Phil Schiller couldn’t have scripted it any better himself: The day after the G4 iMac was launched, I showed a picture of it to one of my tutors at university and her first quite genuine reaction was, “Where’s the computer?”

Today, with millimeters-thin iPads, and MacBooks that could blow away in a stiff breeze, that reaction sounds willfully obtuse—uh, the computer is in that vast, bulbous hemisphere under the screen—but in 2002, a time when both the industry and our desktops were dominated with hulking great CRTs, this new iMac’s light, airy, slim design honestly was bafflingly slight. 

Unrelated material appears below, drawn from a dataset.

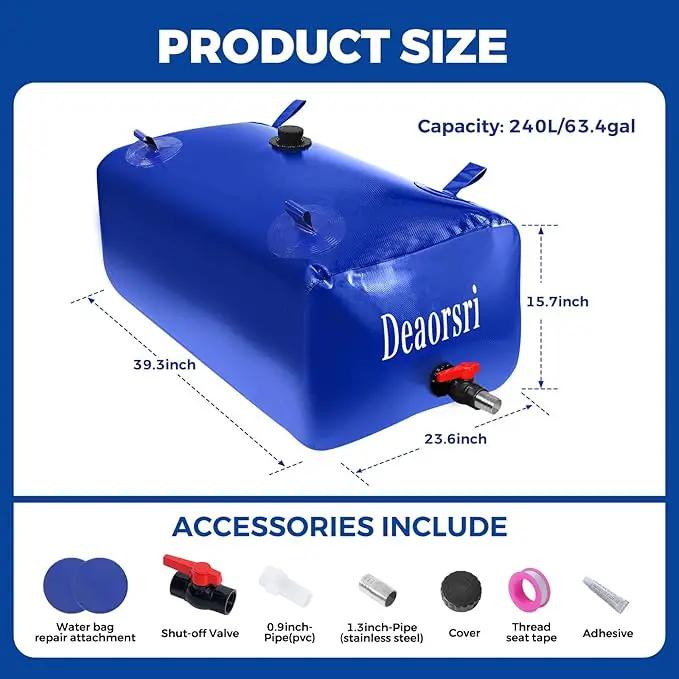 Water Storage Bladder with Two Different Sizes of Water Pipes,Portable Large Capacity Water Bladder Tank,63gallons, Foldable Water Storage Tank for RV,Camping, Agricultural Irrigation,Garden Watering by GreenHaven Gardens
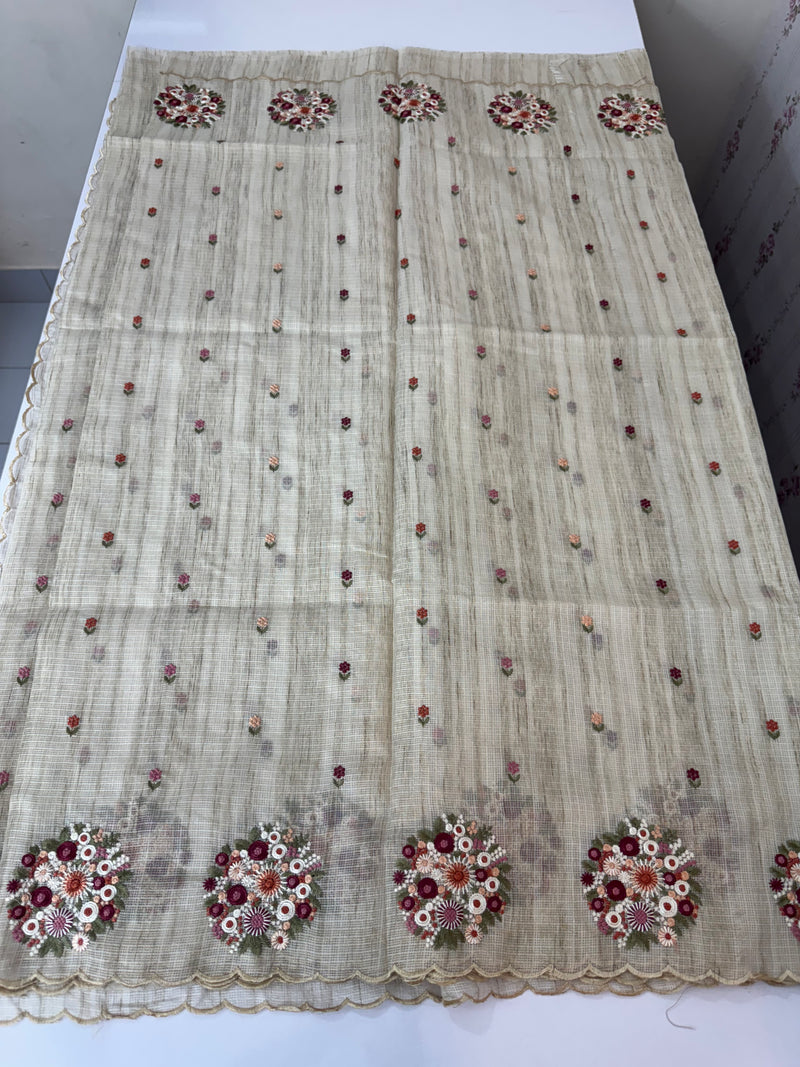 Silky kota embroidery saree with scalloped borders MSK877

This was—and is—Apple at its best: Producing something daring, novel, and utterly desirable. Nobody at the time could fail to be impressed almost to the point of shock by the sheer chutzpah of Apple’s vision for a modern computer, and even today it strikes you as a fresh and exciting design.

imac g4 01 Christopher Phin

Indeed, with its highly repositionable screen, it’s actually wildly better in ergonomic terms than anything that came after it, allowing the screen height and angle to be easily set to suit anyone working at it, and then tweaked throughout the day. The iMac G5 that replaced it—a basic recipe that the iMac has stuck with ever since—utterly abandoned this important and valuable trick.

There‘s another, less highbrow, but still hugely useful aspect to the display’s maneuverability: It was facile to swing it round to show a colleague at another desk something that was on your screen. Later iMacs would have a low-friction strip on their bases ostensibly to allow the same thing, but it’s nowhere near as flexible, and unlike on the iMac G4 where the cables are plugged into the base leaving the screen free to move, you’re always in danger of tugging a cable out when you try to twist a modern iMac around.

And when I say the screen is highly repositionable, I really mean it. It could be adjusted with a fingertip and would hold its position perfectly, and what’s more the angle at which the screen itself was tilted would maintain as you raised and lowered it.

It feels impossibly, magically smooth, and preposterously stable, like no other piece of engineering you’ve used before. Yet despite all this balance and precision, despite the whole computer looking, at least at launch, as delicate as gossamer, you were encouraged to move the iMac around by grabbing its neck.